--- The data Enclosed Below ---
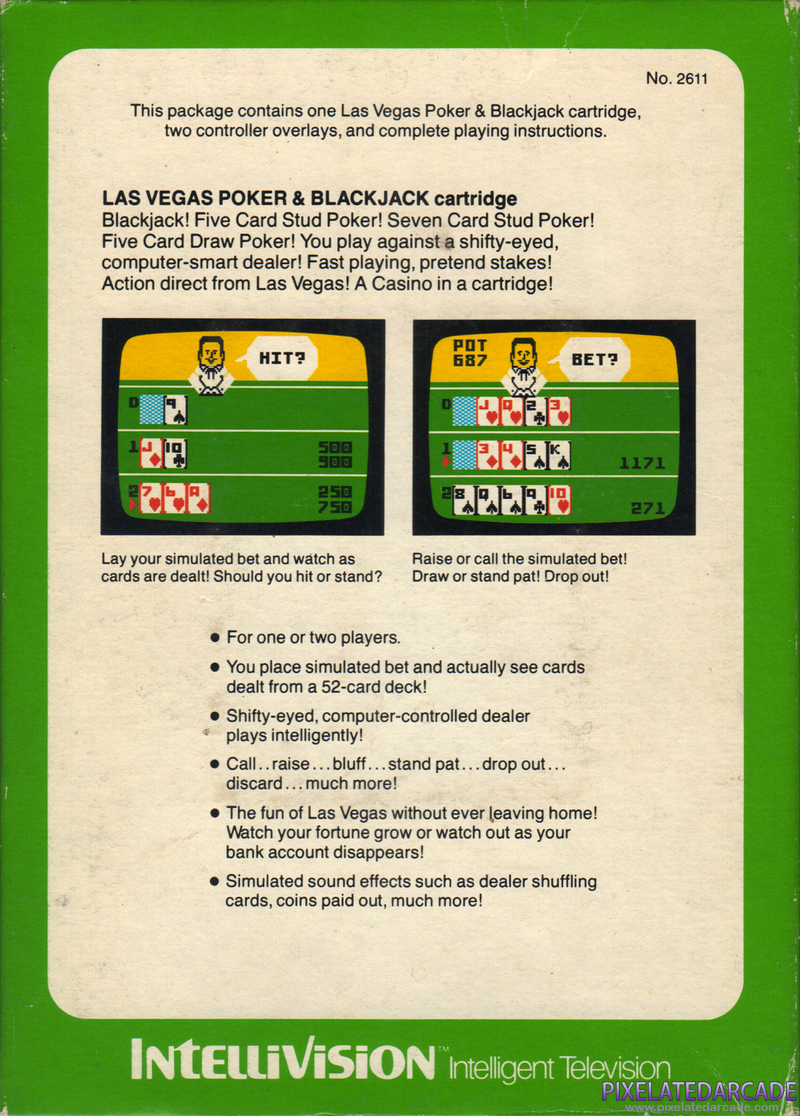 Las Vegas Poker & Blackjack Cover Art: Las Vegas Poker & Blackjack Cover Art:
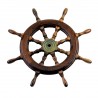 Roda de barco de madeira Ø 600 mm 8 raios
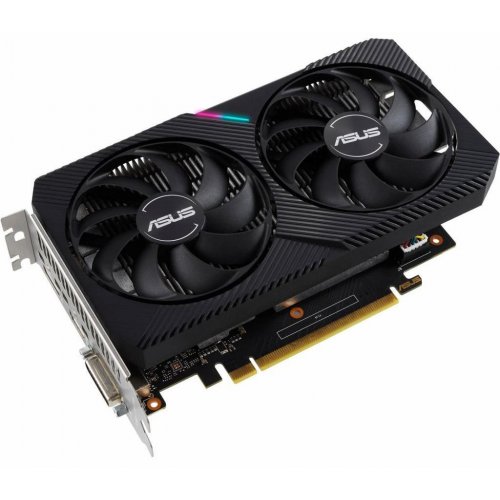 Продати Відеокарта Asus GeForce GTX 1650 Dual Mini 4096MB (DUAL-GTX1650-4GD6-MINI) за Trade-In у інтернет-магазині Телемарт - Київ, Дніпро, Україна фото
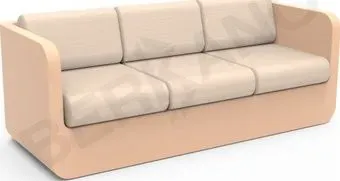 Berkano Grace с подушками 250_005_27_60 (терракотовый/milk)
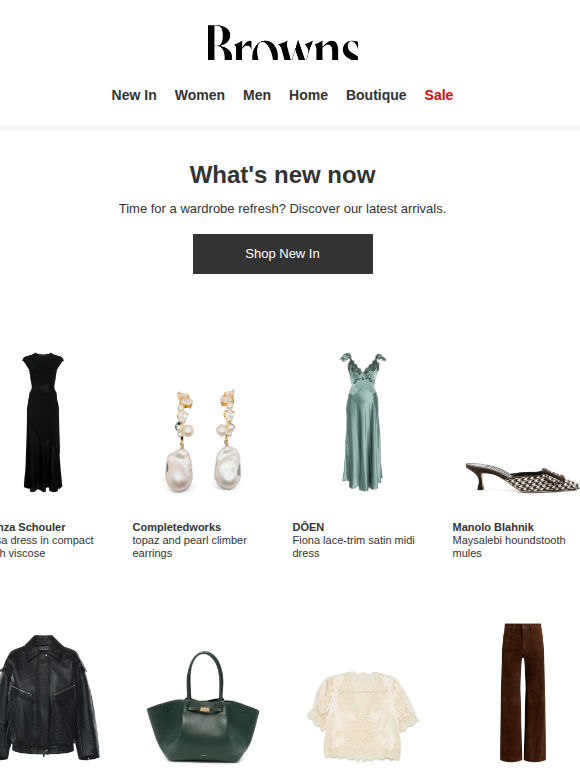 Ready for new?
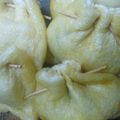 白金魂's cooksnap of when they made おでん種：ネギしょうが巾着.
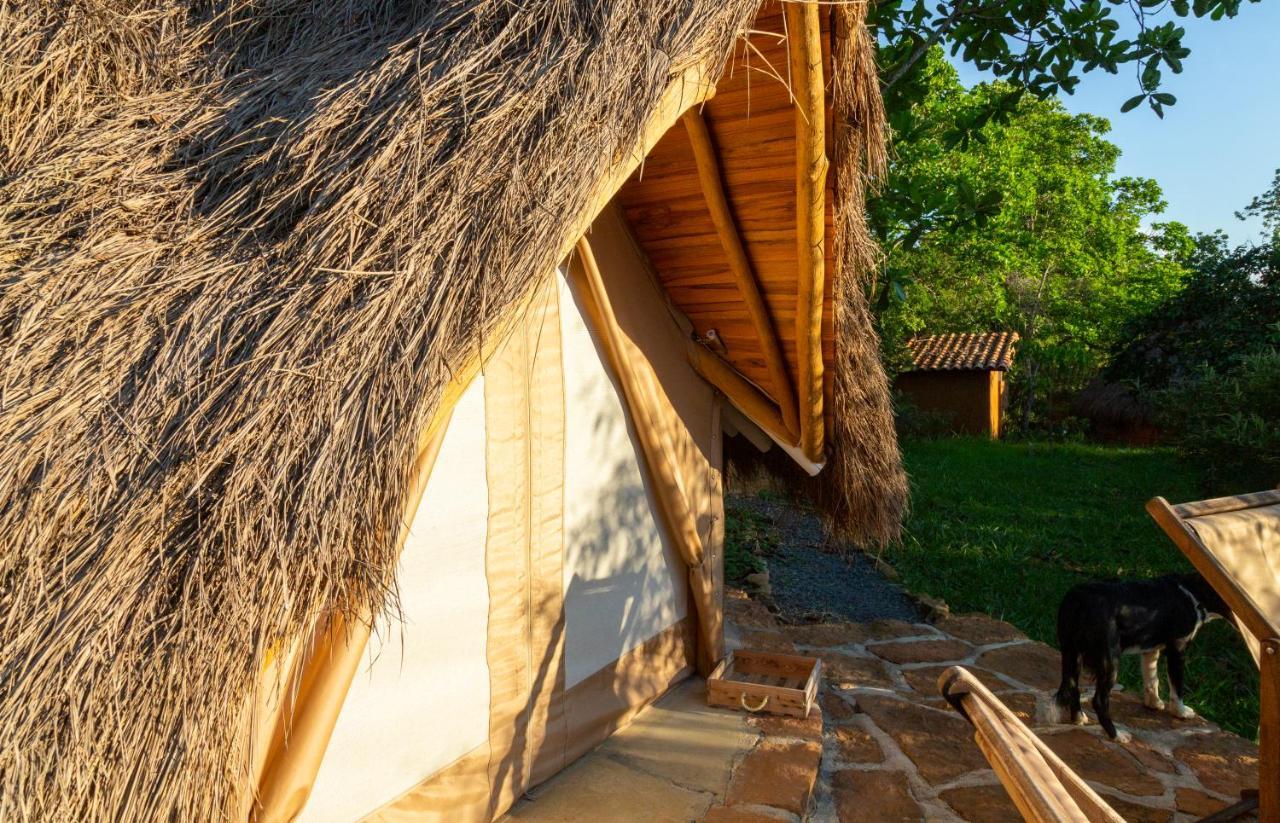 Hotel Nativo Glamping Barichara Exteriér fotografie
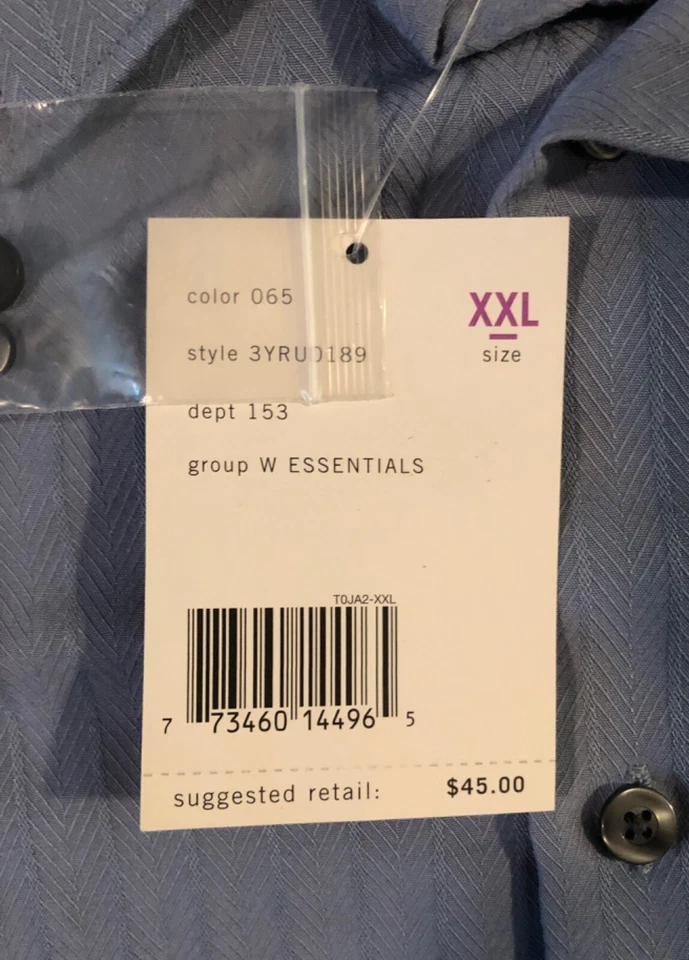 AXCESS - MANGA LARGA - CAMISA DE VESTIR - XXL Foto 3 de 4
--- End of Enclosed The data ---
> What needs to be done
Look above for the line containing "白金魂's cooksnap of", then retype it and each line after it to the end of the records, exactly and without pictures.

> The completed task
 白金魂's cooksnap of when they made おでん種：ネギしょうが巾着.
 Hotel Nativo Glamping Barichara Exteriér fotografie
 AXCESS - MANGA LARGA - CAMISA DE VESTIR - XXL Foto 3 de 4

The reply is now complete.